So why is it necessary to include an areal mass density $\rho$? Well, that’s how you introduce the mass for consideration!

The areal mass density $\rho$ is defined as the amount of mass per little piece of area, $\rho=dm/dA$. (There are a couple of ways to make this derivative definition work in practice, but that’s tangential.) This term may be constant throughout the entire mass, or it may vary. If it does, we need to integrate to get an exact, un-averaged value.

To do this, you take $dm=\rho\,dA$, giving you $$I=\int r^2\rho\,dA$$

Now you can introduce your conversion to polar form via the area element substitution, giving you $$I = \iint r^3 \rho \,dr\,d\theta$$

(Sorry if my conversion from a single to a double integral was a bit shady.)

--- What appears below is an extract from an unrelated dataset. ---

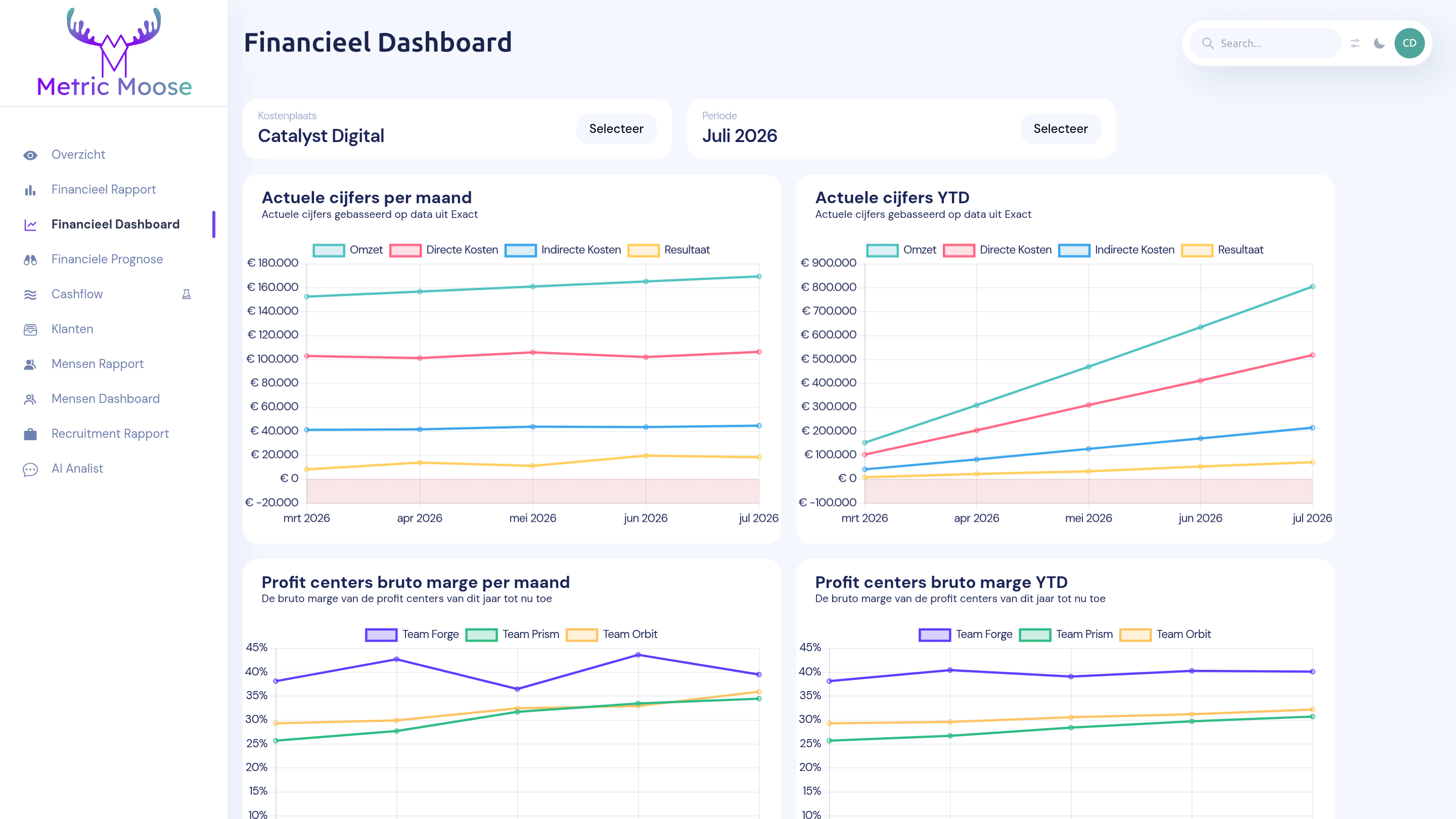 Het financieel dashboard met omzet, directe en indirecte kosten en resultaat per maand en year-to-date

What does it mean to double integrate a function $\neq1$? If I understand you correctly, you’re asking what double integration is. Well, the answer is that we’re considering a piece of mass that’s teeny-tiny in two ways (teeny-tiny in the radial dimension and teeny-tiny in the $\theta$ dimension). Therefore, to arrive a real, not-teeny-tiny answer, we have to add up the values in both directions. If we didn’t integrate, what we would get might be a mere average.

By the way, you can tell each of our steps is accurate, because we have $\dim I = \mathsf{L}^2 \, \mathsf{M}^1$ throughout, which is appropriate for rotational moment of inertia.

Why does this give you the actual moment of inertia? Because we started from an accurate definition that has been empirically proven and manipulated it using valid calculus.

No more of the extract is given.